BEGIN

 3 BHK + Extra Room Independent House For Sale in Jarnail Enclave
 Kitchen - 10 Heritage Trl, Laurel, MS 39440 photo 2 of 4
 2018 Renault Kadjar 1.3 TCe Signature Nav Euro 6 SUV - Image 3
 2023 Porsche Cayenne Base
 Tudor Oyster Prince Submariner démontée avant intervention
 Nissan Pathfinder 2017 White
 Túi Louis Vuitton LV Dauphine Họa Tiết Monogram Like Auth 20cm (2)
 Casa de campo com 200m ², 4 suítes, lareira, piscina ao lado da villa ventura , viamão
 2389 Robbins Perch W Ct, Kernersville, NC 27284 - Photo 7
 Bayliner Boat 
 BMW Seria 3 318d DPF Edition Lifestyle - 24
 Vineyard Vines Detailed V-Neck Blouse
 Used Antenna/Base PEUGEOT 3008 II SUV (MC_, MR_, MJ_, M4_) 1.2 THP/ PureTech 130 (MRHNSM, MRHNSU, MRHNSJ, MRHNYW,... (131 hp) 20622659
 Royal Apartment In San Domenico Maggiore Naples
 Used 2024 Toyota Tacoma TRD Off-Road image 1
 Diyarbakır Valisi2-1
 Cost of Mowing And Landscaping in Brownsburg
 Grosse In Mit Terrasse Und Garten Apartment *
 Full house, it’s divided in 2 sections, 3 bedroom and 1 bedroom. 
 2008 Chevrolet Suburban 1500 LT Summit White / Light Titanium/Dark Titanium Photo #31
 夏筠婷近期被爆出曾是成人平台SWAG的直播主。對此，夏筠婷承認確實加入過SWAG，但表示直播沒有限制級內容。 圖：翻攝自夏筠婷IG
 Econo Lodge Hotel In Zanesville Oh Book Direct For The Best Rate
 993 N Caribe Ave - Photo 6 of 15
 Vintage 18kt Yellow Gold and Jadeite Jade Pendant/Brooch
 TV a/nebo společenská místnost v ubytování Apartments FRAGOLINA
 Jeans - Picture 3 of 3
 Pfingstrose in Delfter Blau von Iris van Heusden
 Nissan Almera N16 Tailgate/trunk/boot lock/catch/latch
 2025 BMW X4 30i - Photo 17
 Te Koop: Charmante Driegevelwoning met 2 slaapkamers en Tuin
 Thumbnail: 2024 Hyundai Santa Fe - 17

END

TASK BRIEF -> Retype the first line of the entries and every line after it, please, through the line that contains "Vineyard Vines Detailed V-Neck Blouse". Add nothing.

SOLUTION TO THIS PROBLEM ->
 3 BHK + Extra Room Independent House For Sale in Jarnail Enclave
 Kitchen - 10 Heritage Trl, Laurel, MS 39440 photo 2 of 4
 2018 Renault Kadjar 1.3 TCe Signature Nav Euro 6 SUV - Image 3
 2023 Porsche Cayenne Base
 Tudor Oyster Prince Submariner démontée avant intervention
 Nissan Pathfinder 2017 White
 Túi Louis Vuitton LV Dauphine Họa Tiết Monogram Like Auth 20cm (2)
 Casa de campo com 200m ², 4 suítes, lareira, piscina ao lado da villa ventura , viamão
 2389 Robbins Perch W Ct, Kernersville, NC 27284 - Photo 7
 Bayliner Boat 
 BMW Seria 3 318d DPF Edition Lifestyle - 24
 Vineyard Vines Detailed V-Neck Blouse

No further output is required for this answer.